Just looking for some advice as im feeling very lost at the moment. I've been with my current partner for 9 months now, we both have children from previous relationships and he's great around my children. He's amazing with me very reliable and for the most part everything I've ever wanted in a partner, however he has some anger problems. It's clear that maybe things were over looked when he was younger and he often questions weather he has adhd or something similar. He has a skilled job but can become overwhelmed by small tasks outside of work. He's never lost his temper infront of my children or when they've been home however usually during a weekend they're with their dad we have an incident. So he's never punched me or anything but on one occasion smacked me on the leg during a disagreement and it left a hand print on my leg for the whole day, during a disagreement he's not allowed me to walk away or have space and blocks ny way, he's grabbed my throat on a few occasions out of frustration, he's pinched me, grabbed me inappropriately during a disagreement, called me a slag, on another occasion he continued to have sex with me after I'd repeatedly told him no when he was doing it every second he said are you sure you don't want it and I said I do not want it please stop but never pushed him because one I was scared and two he's much bigger, he's pinned me down before and so on. In short he can not control his frustration. After an incident when I was driving last week I've told him enough is enough we can't be together at the moment. I don't deserve this, I had a very very traumatic childhood I don't need to feel anxious constantly when I'm still trying to recover from severe anxiety. He's been non stop pleading and begging since I broke it off, he's cried his eyes out to me and visited his gp today for help. What I'm wondering is could things improve, would I be evil to leave him when he's struggling so badly I'm full of guilt. But I'm also full of anger because I didn't deserve this. I think because it's never happened around the children I feel maybe it's not so bad. He does things for me nobody else does and I've never had anyone love or want me as much as he does. I'm just very confused and lost. Has anyone had any similar experiences or has knowledge? Thanks

OP posts:
IamSaved · 27/08/2023 04:18

@georgieeb487 My heart breaks for you. You have been through an ordeal, but you will come through the other side on this. The mental strength to report it all to the police is the hardest part and you've gotten through it. Please stay strong and look after yourself. Go to those close to you for support. You will be OK.
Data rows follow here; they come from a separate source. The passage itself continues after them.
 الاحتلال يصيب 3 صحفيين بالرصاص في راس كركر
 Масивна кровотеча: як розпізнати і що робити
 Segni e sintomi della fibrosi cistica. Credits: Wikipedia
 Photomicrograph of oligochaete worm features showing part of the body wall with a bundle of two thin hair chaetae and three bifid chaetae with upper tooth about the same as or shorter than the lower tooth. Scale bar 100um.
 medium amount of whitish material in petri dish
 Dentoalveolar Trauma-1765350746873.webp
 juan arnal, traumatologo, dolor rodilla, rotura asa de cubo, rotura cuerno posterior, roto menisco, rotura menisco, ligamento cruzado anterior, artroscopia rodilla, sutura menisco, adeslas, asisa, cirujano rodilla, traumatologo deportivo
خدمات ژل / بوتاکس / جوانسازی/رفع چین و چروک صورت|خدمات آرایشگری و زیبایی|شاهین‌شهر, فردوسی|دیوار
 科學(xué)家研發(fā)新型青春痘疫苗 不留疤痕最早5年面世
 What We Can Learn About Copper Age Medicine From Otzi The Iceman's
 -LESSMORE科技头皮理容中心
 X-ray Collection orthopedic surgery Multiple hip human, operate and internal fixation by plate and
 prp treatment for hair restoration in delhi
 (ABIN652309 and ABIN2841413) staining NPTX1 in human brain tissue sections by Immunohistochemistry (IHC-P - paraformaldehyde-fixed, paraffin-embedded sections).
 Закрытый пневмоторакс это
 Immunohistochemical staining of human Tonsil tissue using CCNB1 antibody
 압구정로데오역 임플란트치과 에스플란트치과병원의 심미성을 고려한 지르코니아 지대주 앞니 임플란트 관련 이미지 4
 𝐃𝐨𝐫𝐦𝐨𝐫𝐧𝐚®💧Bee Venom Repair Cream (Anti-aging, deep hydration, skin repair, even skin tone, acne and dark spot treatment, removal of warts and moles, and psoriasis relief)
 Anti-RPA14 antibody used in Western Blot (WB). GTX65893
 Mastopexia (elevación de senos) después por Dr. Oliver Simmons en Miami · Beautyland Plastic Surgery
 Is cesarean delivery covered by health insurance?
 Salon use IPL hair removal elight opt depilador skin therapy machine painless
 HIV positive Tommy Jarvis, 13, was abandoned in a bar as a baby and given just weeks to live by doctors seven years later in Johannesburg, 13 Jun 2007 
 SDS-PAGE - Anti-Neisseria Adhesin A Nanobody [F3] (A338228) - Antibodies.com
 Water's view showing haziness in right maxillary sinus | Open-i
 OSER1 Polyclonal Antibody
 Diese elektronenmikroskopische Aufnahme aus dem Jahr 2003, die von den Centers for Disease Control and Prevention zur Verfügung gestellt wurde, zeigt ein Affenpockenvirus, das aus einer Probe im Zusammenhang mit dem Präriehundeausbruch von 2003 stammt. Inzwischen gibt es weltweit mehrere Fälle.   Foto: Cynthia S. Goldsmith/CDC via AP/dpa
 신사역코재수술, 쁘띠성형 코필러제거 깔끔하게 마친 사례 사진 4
Newestname002 · 27/08/2023 06:06

@georgieeb487

I really applaud you for the strength you have shown in acknowledging you need help and asking for it, then following through with taking the actions you needed to take to get that help and away from a rapidly escalating abusive man. I'm sorry that your abuser has made life so difficult for you since breaking up with you, but well done for contacting the police when you did. You might want to make a Clare's Law report to the police, adding your own experience, so that warning is there for the next woman your Ex encounters.

I really hope you manage to find new suitable accommodation elsewhere soon. Good luck for the future. 🌹

Sazza26xx · 27/08/2023 06:26

Well done for leaving 🩷🩷

UnaVaca · 27/08/2023 06:30

Well done for being strong for your children

Fenellapitstop · 27/08/2023 06:37

Well done on reporting, I hope you're being given proper support by one of the officers. I'm the meantime look at using brightsky and hollieguard. They are apps you can use on your phone. Hollieguard is a safety app and brightsky is a support and diary app. Your experiences will automatically be added to his record so will already be on any further Claire's law request. Has the oic done you a referral to NCDV and the safe spaces/sanctuary scheme to improve security at your address?

Thatnameistaken · 27/08/2023 06:39

We'll done, I can only imagine how hard this has been for you but you've done the right thing.
Despite everything you've gone through you've found your boundaries and acted on them. Be proud of yourself.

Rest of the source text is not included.